Hugh Hendry's Eclectica Asset Management Said To Close

Sep 14 2017 | 11:31pm ET

Famed hedge fund manager Hugh Hendry is reportedly shuttering Eclectica Asset Management following performance declines in its flagship fund and a reduction in AUM from more than $1 billion in 2013 to less than $120 million. 

Hendry, who founded macro-focused Eclectica in 2005, came to prominence after posting gains of 31% in 2008 by betting against financial sector giants in the U.S. and Europe during the financial crisis. 

News of the closure was first reported by Bloomberg on Thursday, citing an investor letter. The firm’s flagship fund is reportedly down -9.4% for the year to date through the end of August, Bloomberg said. 

In the investor letter, Hendry noted that formal notification letters had been sent to all registered account holders with details of the redemption process. Further details about when investor capital would be returned were not available.

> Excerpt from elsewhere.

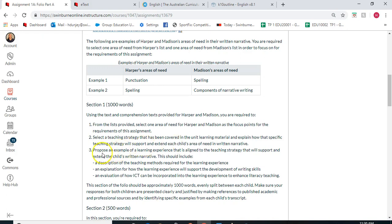Once you've done that, you need to provide an example of a learning experience aligned to the teaching strategy that will support and extend the child's written narrative. This will include a description of the teaching methods required, an explanation of how the learning experience will support the development of writing skills, and an evaluation of how ICT can be incorporated to enhance literacy teaching. Remember you only have 500 words for Harper and 500 for Madison. I would definitely recommend using headings. I've put some teaching methods on the Padlet.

Hendry added that it is “especially frustrating” since the economy has performed well through the summer and he is “more convinced that our thesis of a healing global economy is understated: for the first time in an age, all parts of the world are enjoying synchronized economic momentum.”

Nonetheless, the letter continued, the fund’s “substantial risk book became strongly correlated over the short term to the maelstrom of President Trump and the daily news bombs emanating from the Korean Peninsula.” Hendry also echoed a common refrain among hedge fund managers with comparatively small amounts of AUM, noting “the increasing regulatory burden which makes it almost impossible to manage small pools of hedge fund capital today” among the reasons for Eclectica’s closure. 

Hendry also commented on his broader market views in the letter. “The implications of a sustained bout of economic growth are good…because it should continue to underwrite a continuation in the positive performance of global equities."

"I would stay long," he wrote. "I can’t see interest rates rising abruptly to interrupt the upward path of equities."